**The data:**
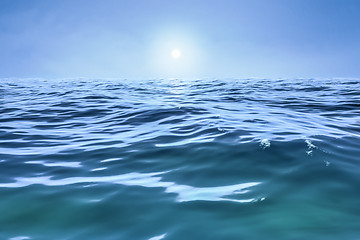 Image showing a blue ocean with sun over the horizon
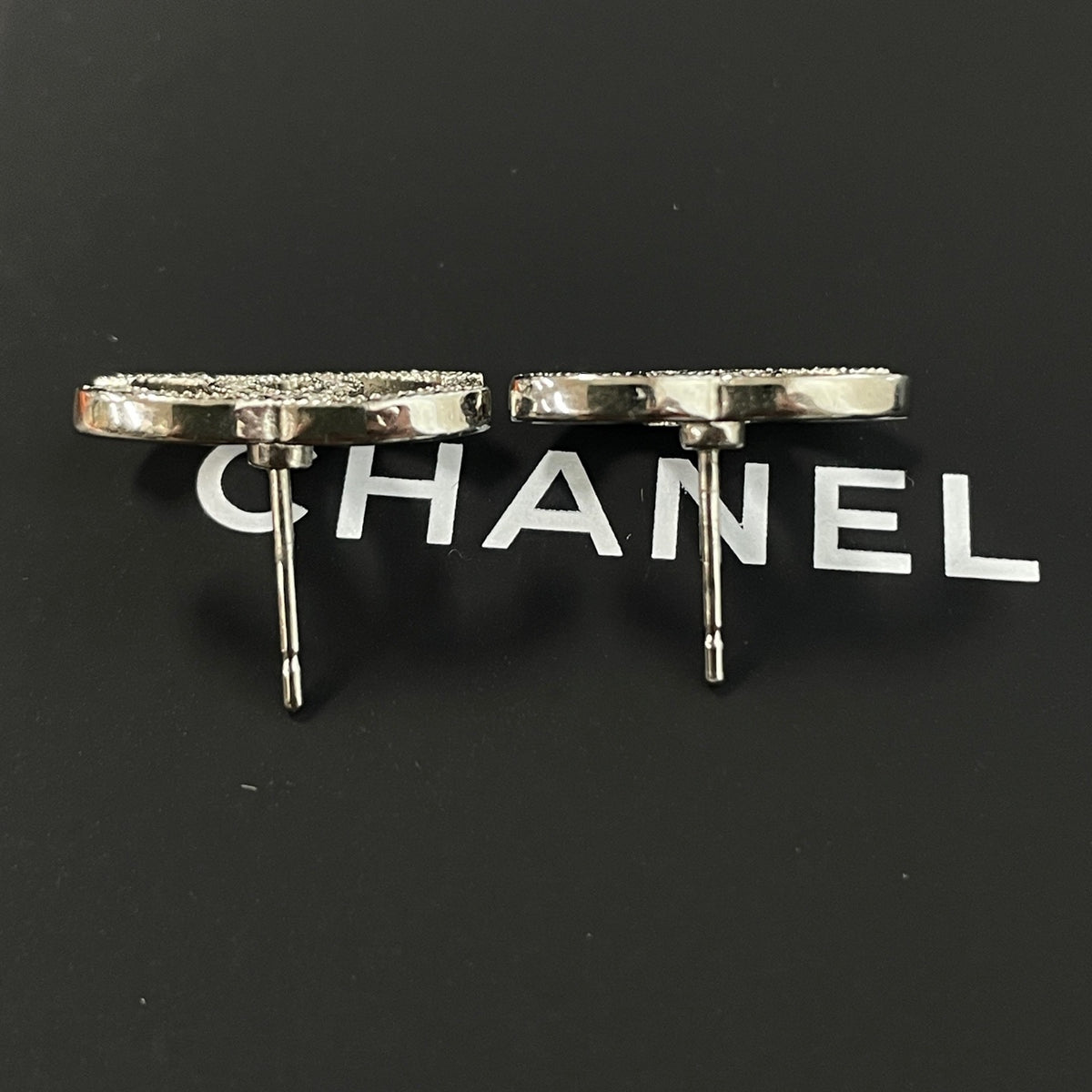 Chanel - Other - Silver-tone metal with clear rhinestone embellishments; exact alloy unspecified. - Silver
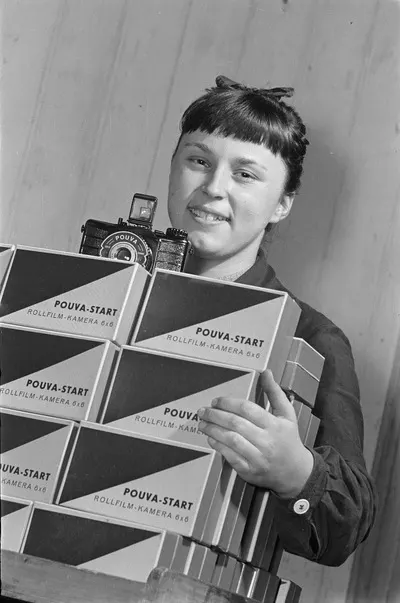 Freital. Karl Pouva KG [Camera Plant]. Employee with a stack of folding boxes for the rolling film camera “Pouva Start,” on which a camera unpacked — تصویر رکورد یوروپیانا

**Try it:**
Only those lines from the one containing "Chanel - Other" to the end of the material above, retyped exactly and without pictures, belong in your reply.

**Solution to this task:**
 Chanel - Other - Silver-tone metal with clear rhinestone embellishments; exact alloy unspecified. - Silver
 Freital. Karl Pouva KG [Camera Plant]. Employee with a stack of folding boxes for the rolling film camera “Pouva Start,” on which a camera unpacked — تصویر رکورد یوروپیانا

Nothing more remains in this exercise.